Welcome

David Ignatius

The Increment Publication date : May 7, 2009

David Ignatius is the author of the best-selling Body of Lies (a film adaptation, with the same name, was directed by Ridley Scott and starred Leonardo DiCaprio). Ignatius is a columnist for the Washington Post and has covered the Middle East and the CIA for many years as a reporter and correspondent.

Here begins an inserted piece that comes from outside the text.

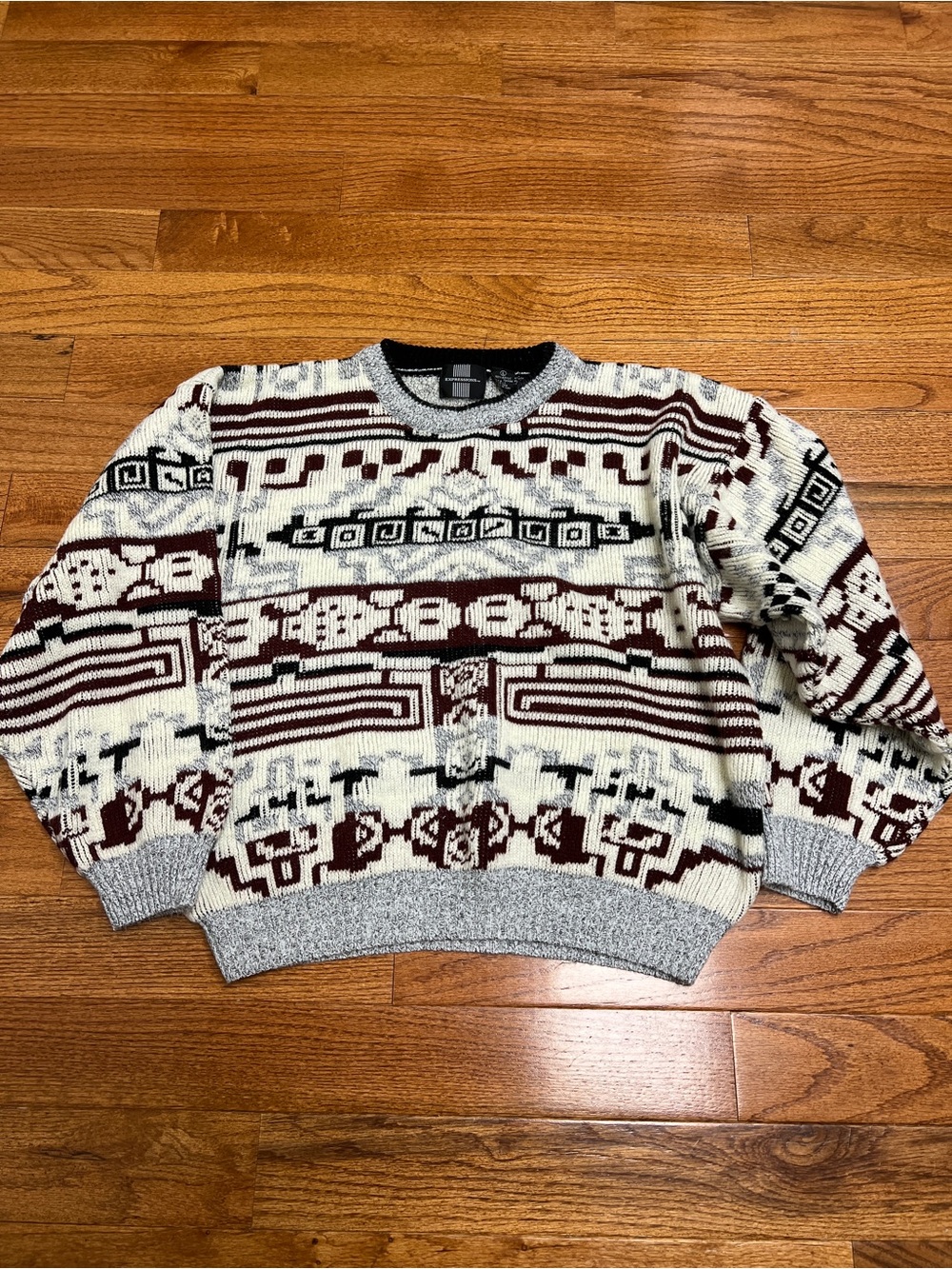 Men's Patterned Crewneck Sweater - Burgundy & Ivory vintage 90s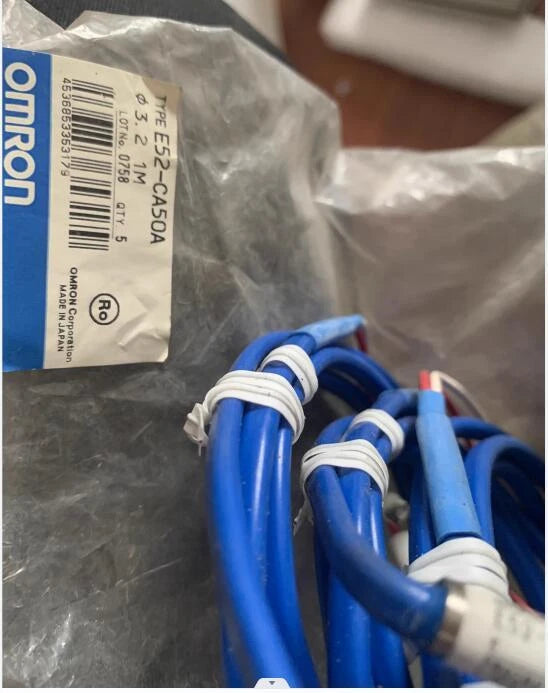 E52-CA50A Temperature Sensor 3.2 for Precise Temperature Measurements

After tackling terrorism in his previous novel, David Ignatius continues to reinvent the contemporary spy thriller. He now takes the reader inside the most volatile secret of the twenty-first century: the Iranian nuclear programme.
From Tehran, an Iranian scientist who calls himself “Dr Ali” sends an encrypted message to the CIA. He claims he has information about scientific research that will result in the development of an Iranian bomb. It falls on the CIA’s Harry Pappas to decide if Dr Ali is to be trusted. Dr Ali sends more secrets of the Iranian bomb programme to the agency, then panics. He is being watched and followed. In the meantime, Pappas is under intense pressure from the White House to deliver information quickly that can serve as a pretext to attack Tehran. But to make sure that Dr Ali’s information is to be trusted, and to protect his source, Pappas needs to proceed slowly and cautiously — the basics of good intelligence work. Are the mistakes that led to the Iraqi disaster about to be replayed? What can be done to save Dr Ali and to get hold of the information that may avert a useless war?
Pappas’ great British friend offers a solution: to get his agent out Pappas will turn to a secret British spy team known as “The Increment”, whose operatives belong to Britain’s special forces. Capable of blending into any group anywhere, they have been granted the modern version of double-O-seven’s “license to kill”.
Will the operation succeed? Who in Iran is after Dr Ali? And why are the British being so generous to their American friend?
The world has changed greatly since John le Carré’s early novels — but not the ruses that are the stuff of a spy’s daily life.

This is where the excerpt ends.